Task requirements: Repeat each record exactly, skipping the pictures.

[Captioned web image data]

============================================================

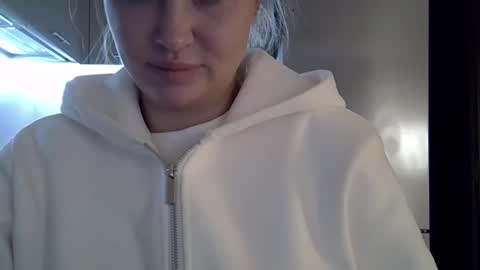 Anna online show from October 17, 2025, 4:09 pm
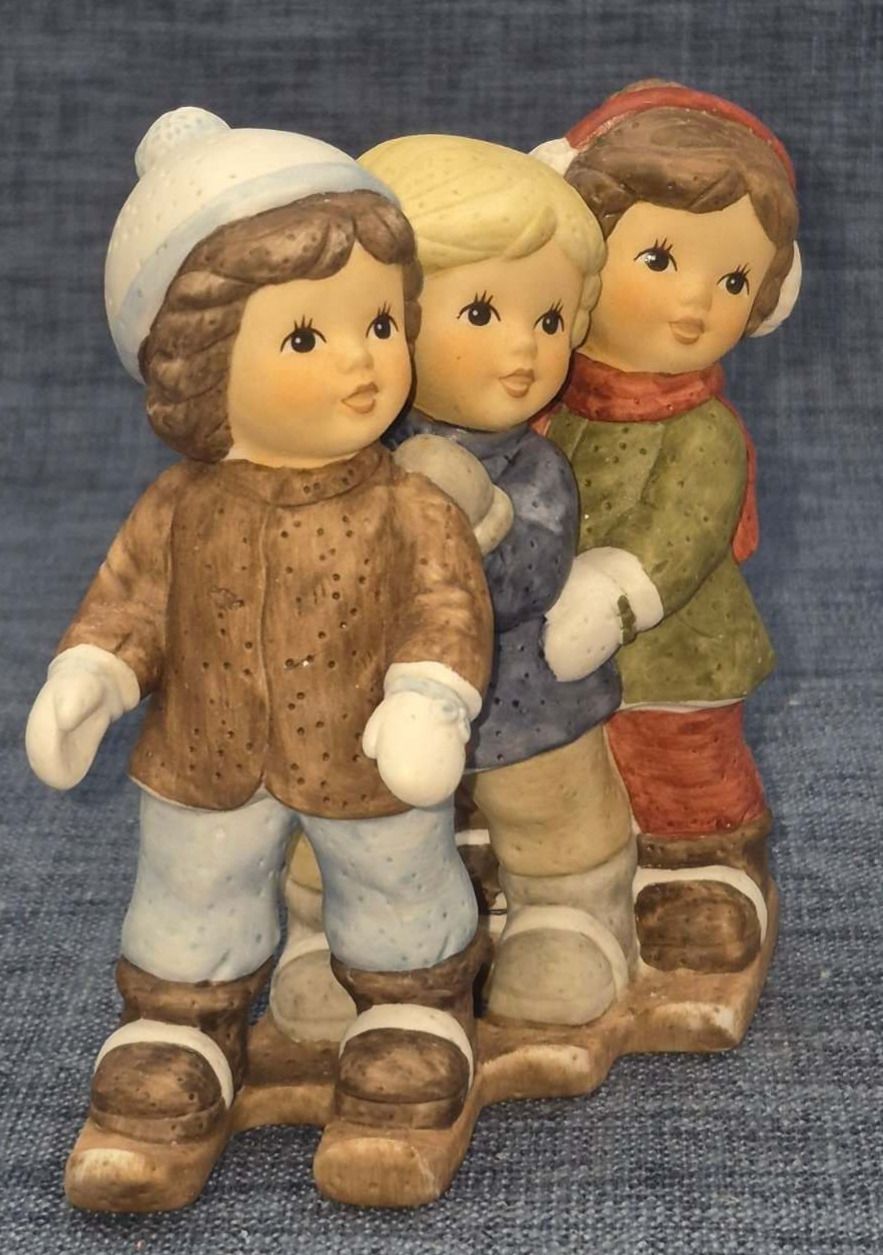 Goebel Nina Marco Lustige Abfahrt zu Dritt Figur Porzellan Winterkinder Ski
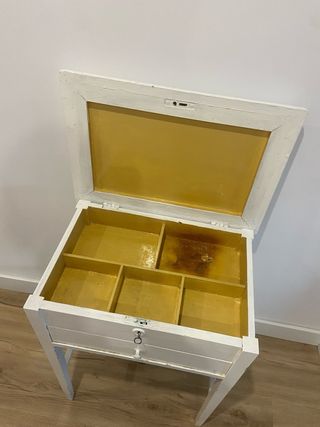 Mesita de madera blanca antigua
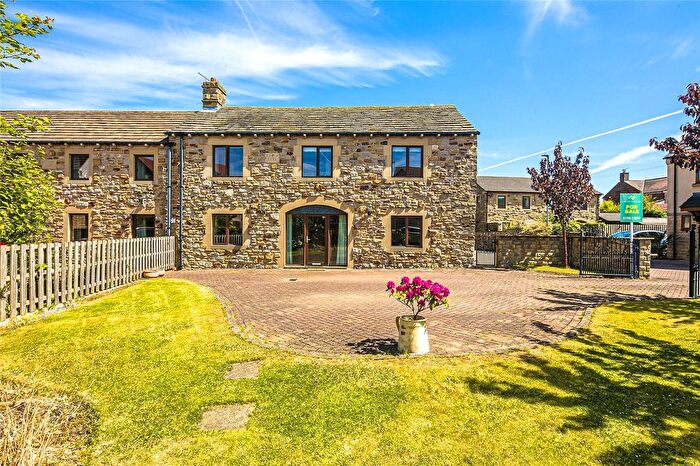 3 Bedroom Semi-Detached House For Sale In The Old Stables, Rawmarsh, Rotherham, South Yorkshire, S62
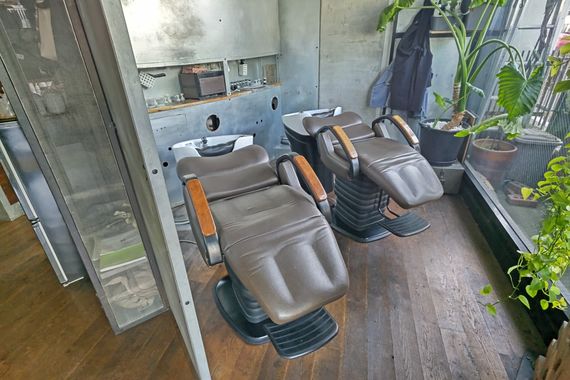 シャンプー台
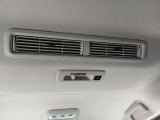 後席用シーリングファン 車内の空気を循環させます!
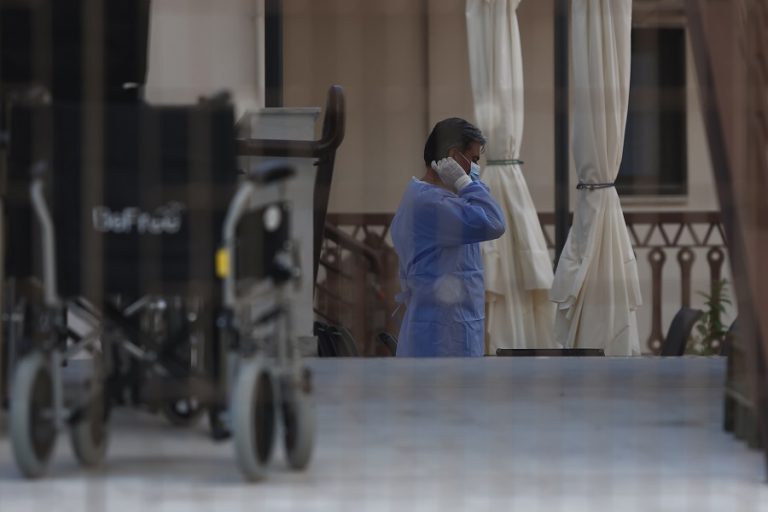 Ενισχύεται το δημόσιο σύστημα υγείας για την αντιμετώπιση της πανδημίας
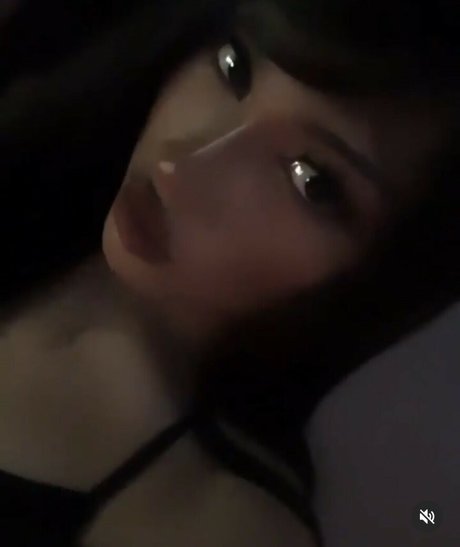 mariahrotic model best pics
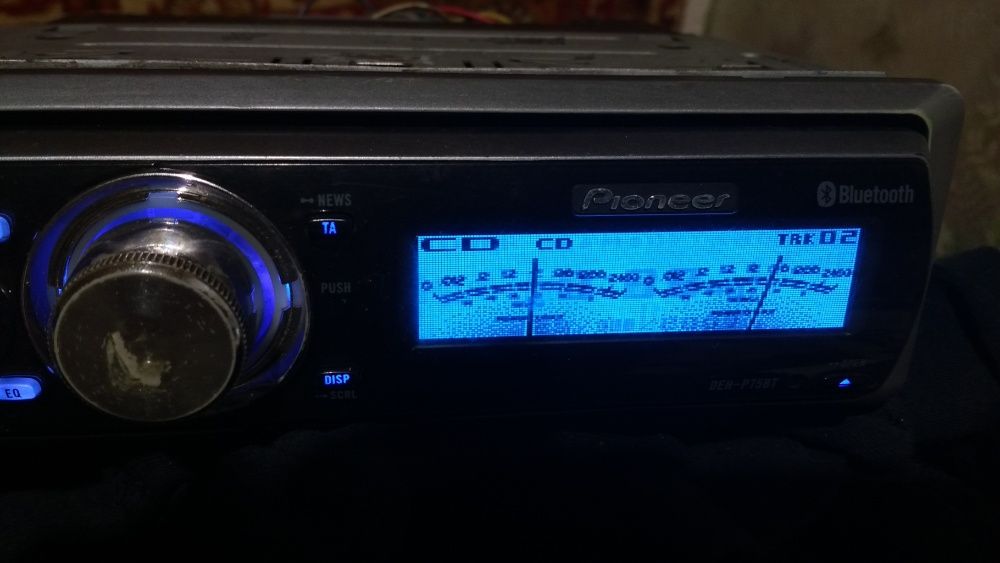 Pioneer DEH-P70BT Bluetooth, aux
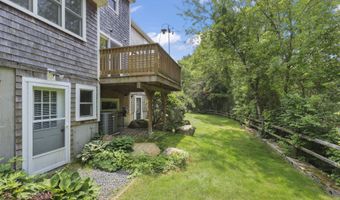 18 Harbor Hill Dr, Bourne, MA 02532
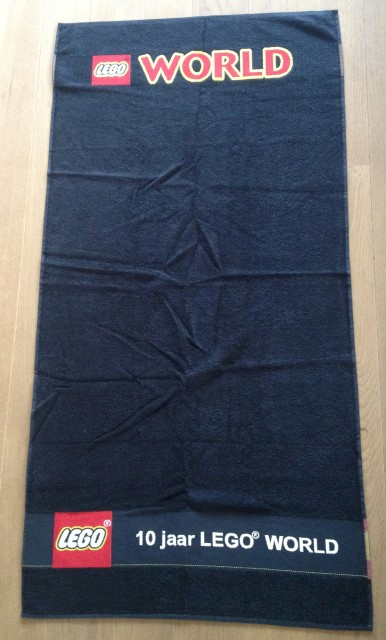 Towel, 10 jaar Legoworld, 70 x 140 cm, Black
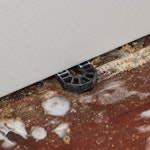 Stützen Sie den Gipskarton ab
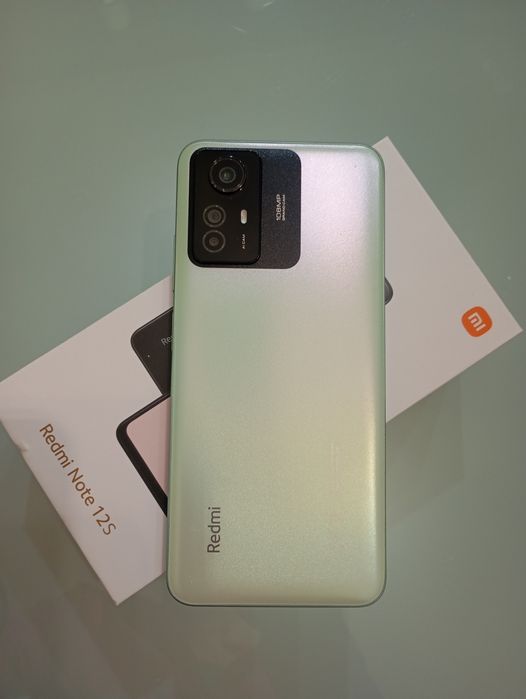 Продавам Redmi note 12s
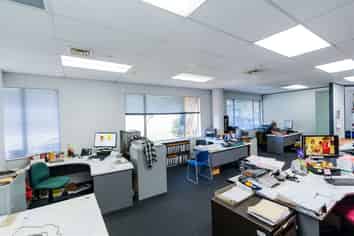 Road Front, Open Plan Office - 120m²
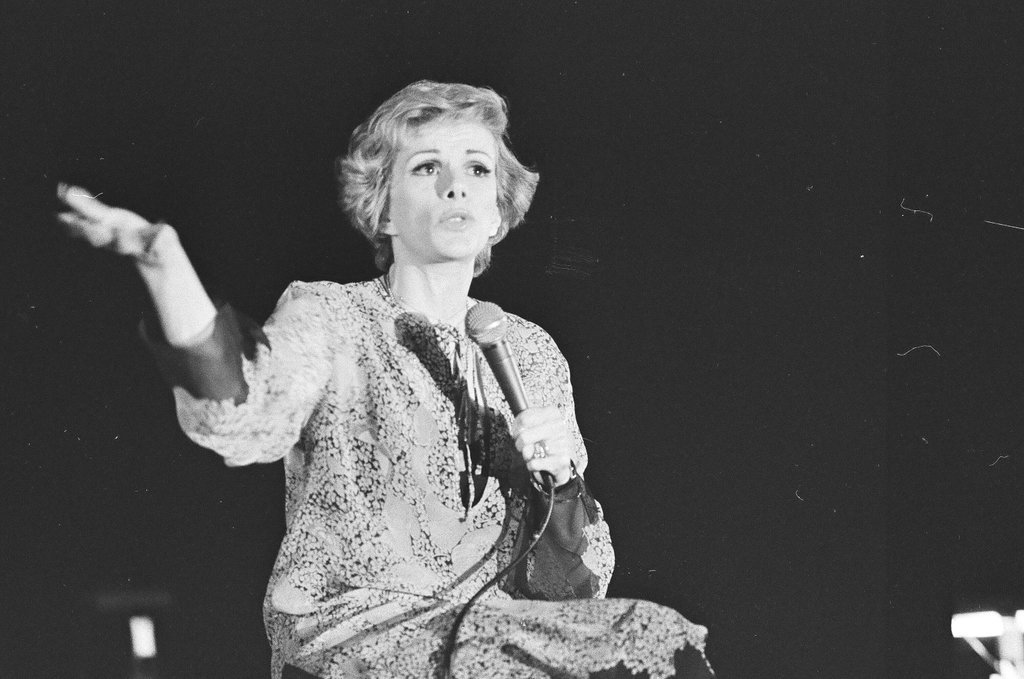 Joan Rivers performs at the Blue Max - Richard Derk for Chicago Sun-Times
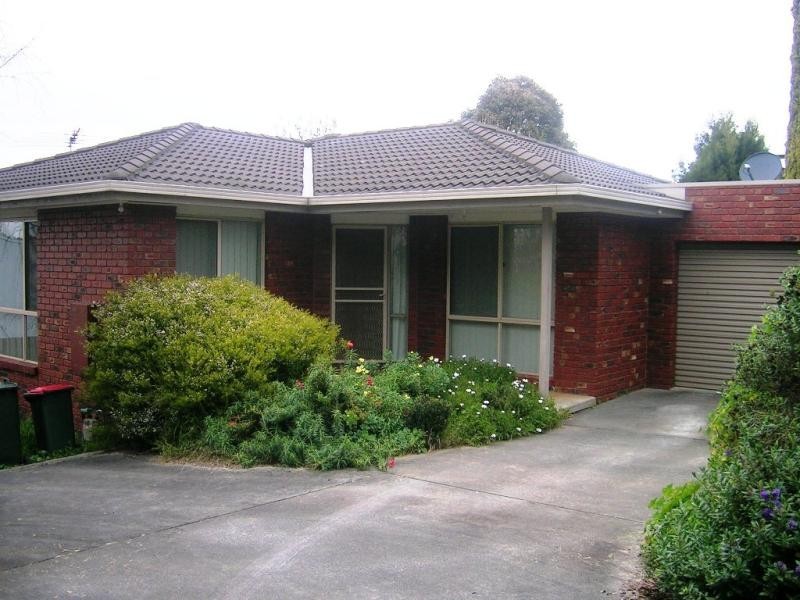 Unit 1 & 2/34 Lilley’s Road, Warragul VIC 3820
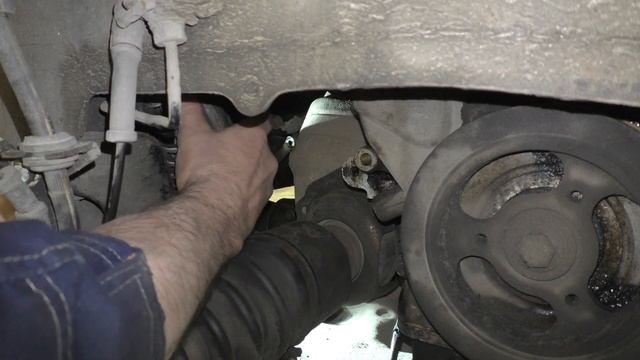 7.Как проще снять генератор Ford Escape 3л.V6 смотреть онлайн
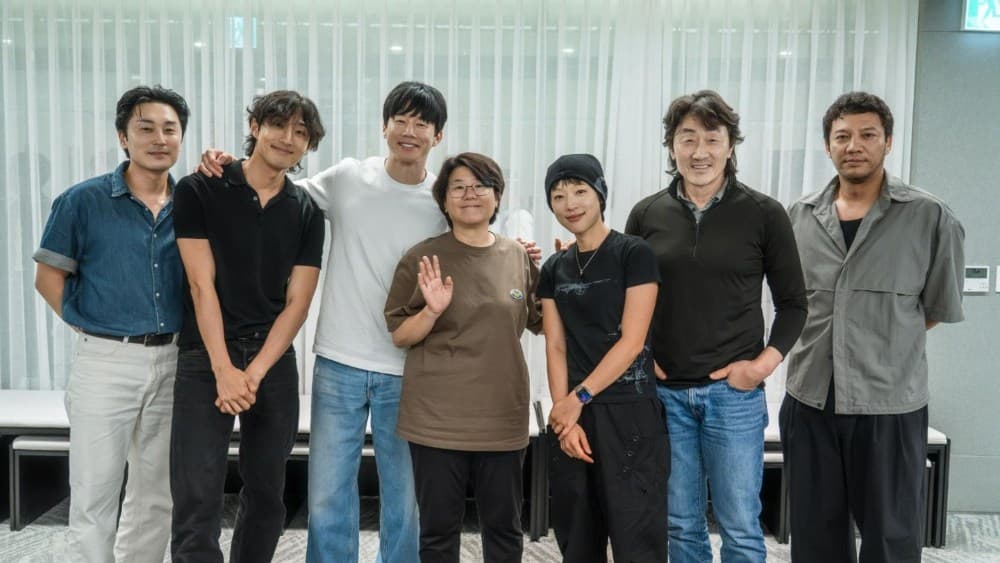 Lee Jung-eun and Kim Moo-yul Team Up for Netflix's Action-Noir Series "The Shooter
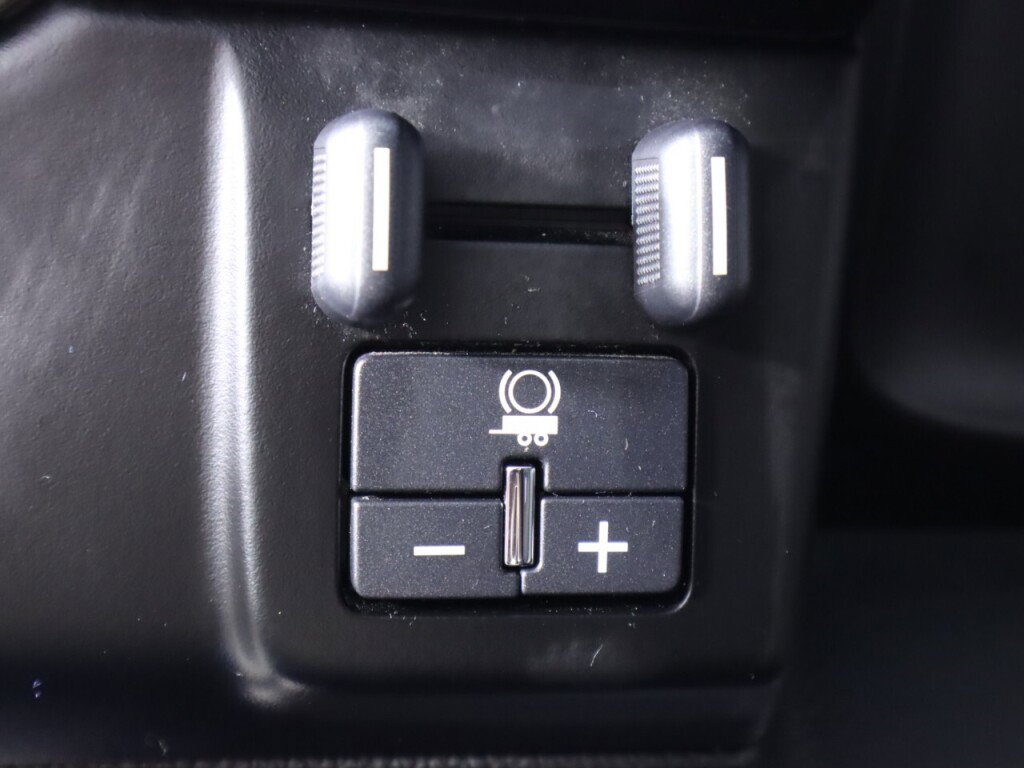 Used 2019 GMC Yukon Denali w/ Denali Ultimate Package image 11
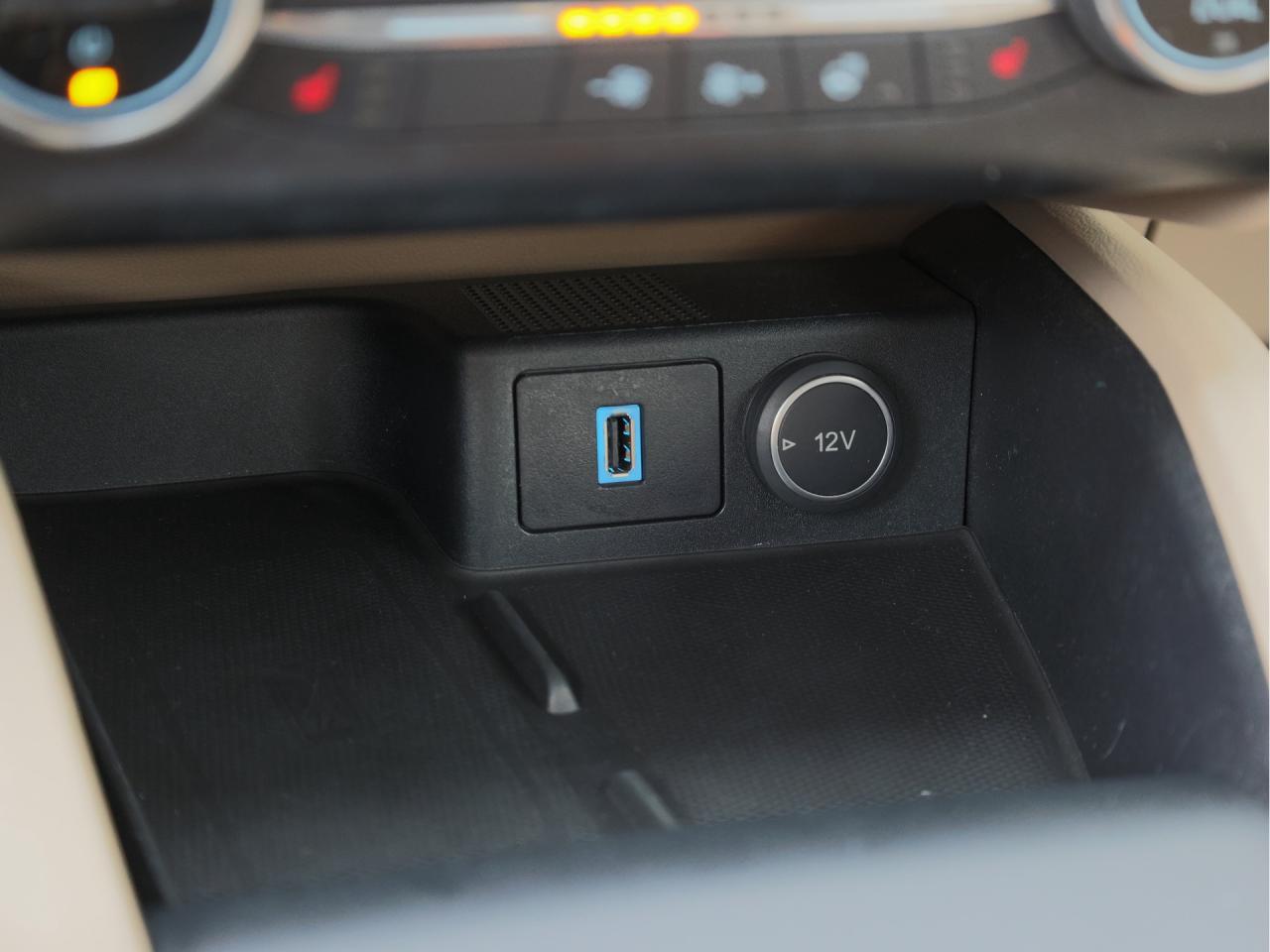 2020 Ford Escape Titanium   Hybrid   Nav   Pwr Liftgate  Prem Sound Photo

============================================================

Solution below:
 Anna online show from October 17, 2025, 4:09 pm
 Goebel Nina Marco Lustige Abfahrt zu Dritt Figur Porzellan Winterkinder Ski
 Mesita de madera blanca antigua
 3 Bedroom Semi-Detached House For Sale In The Old Stables, Rawmarsh, Rotherham, South Yorkshire, S62
 シャンプー台
 後席用シーリングファン 車内の空気を循環させます!
 Ενισχύεται το δημόσιο σύστημα υγείας για την αντιμετώπιση της πανδημίας
 mariahrotic model best pics
 Pioneer DEH-P70BT Bluetooth, aux
 18 Harbor Hill Dr, Bourne, MA 02532
 Towel, 10 jaar Legoworld, 70 x 140 cm, Black
 Stützen Sie den Gipskarton ab
 Продавам Redmi note 12s
 Road Front, Open Plan Office - 120m²
 Joan Rivers performs at the Blue Max - Richard Derk for Chicago Sun-Times
 Unit 1 & 2/34 Lilley’s Road, Warragul VIC 3820
 7.Как проще снять генератор Ford Escape 3л.V6 смотреть онлайн
 Lee Jung-eun and Kim Moo-yul Team Up for Netflix's Action-Noir Series "The Shooter
 Used 2019 GMC Yukon Denali w/ Denali Ultimate Package image 11
 2020 Ford Escape Titanium   Hybrid   Nav   Pwr Liftgate  Prem Sound Photo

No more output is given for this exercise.